Matter of Allen v New York City Hous. Auth.
Published by New York State Law Reporting Bureau pursuant to Judiciary Law § 431.
This opinion is uncorrected and subject to revision before publication in the Official Reports.
Decided on March 26, 2013 Andrias, J.P., Saxe, Moskowitz, Abdus-Salaam, Manzanet-Daniels, JJ.
Order and judgment (one paper), Supreme Court, New York County (Emily Jane Goodman, J.), entered March 4, 2011, inter alia, granting the petition to the extent of vacating the April 14, 2010 determination of respondent New York City Housing Authority (NYCHA), which terminated petitioner's tenancy, and remanding the matter to NYCHA for imposition of a lesser penalty, if any, unanimously vacated, the proceeding treated as if it had been transferred to this Court for de novo review pursuant to CPLR 7804(g), and, upon such review, the determination of respondent, unanimously modified, on the law, to the extent of vacating the penalty, and the matter remanded to respondent for the imposition of a lesser penalty, and otherwise affirmed, without costs.
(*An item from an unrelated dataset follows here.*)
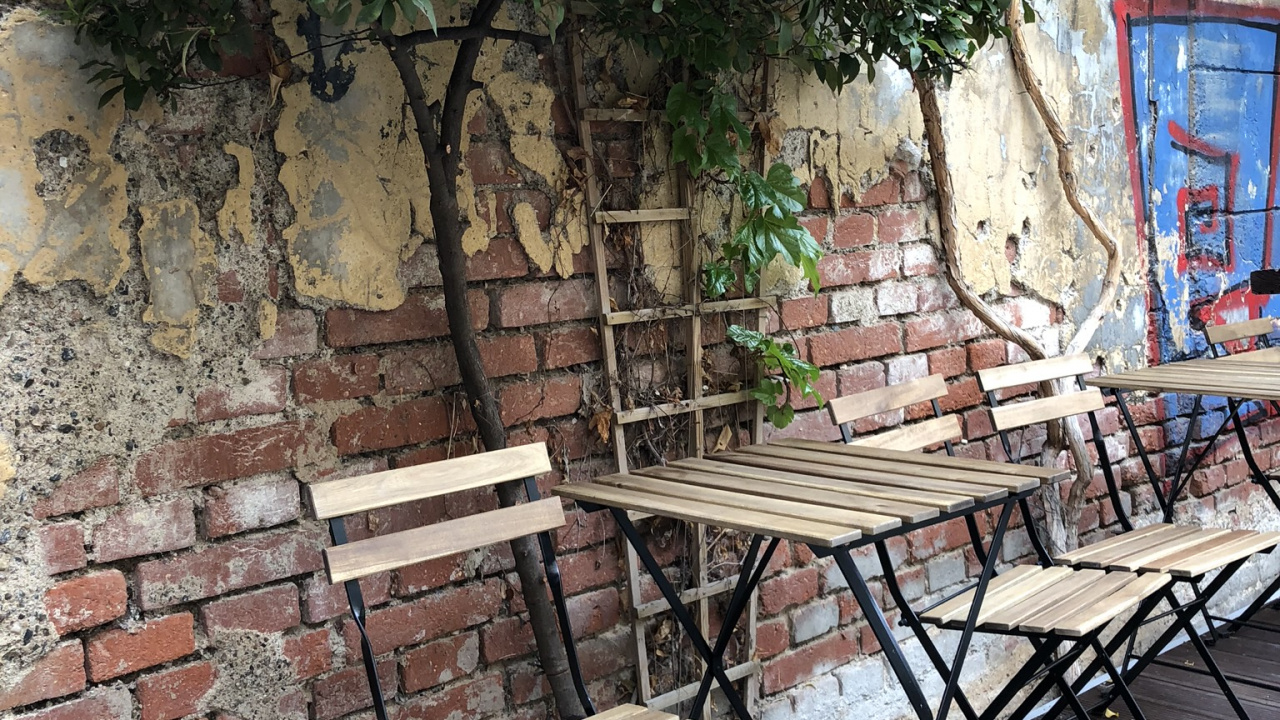 Обои дерево, мебель, таблица, открытый стол, уличная мебель в разрешении 1280x720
Review of the record shows that respondent NYCHA's determination that petitioner violated the permanent exclusion stipulation was supported by substantial evidence and has a rational basis in the record (see Matter of Purdy v Kreisberg, 47 NY2d 354, 358 ). However, in light of the particular circumstances presented here, we find that the penalty of eviction is shocking to one's sense of fairness (Matter of Pell v Board of Educ., 34 NY2d 222, 233 ). Petitioner, who is over 70 years old, has lived in the subject building for more than 35 years with no record of any prior offenses. Nothing in the record suggests that she now presents any risk to the other tenants or to NYCHA's property. Moreover, petitioner was in the process of applying for removal of the permanent exclusion prior to the hearing. The record shows that the hearing officer discussed this with petitioner and received petitioner's supporting documentation in evidence, yet issued a determination to terminate the tenancy prior to, and without any consideration of, the merits pertaining to the tenant's application for removal of the permanent exclusion. Accordingly, on remand, NYCHA should determine an appropriate lesser penalty.
THIS CONSTITUTES THE DECISION AND ORDER OF THE SUPREME COURT, APPELLATE DIVISION, FIRST DEPARTMENT.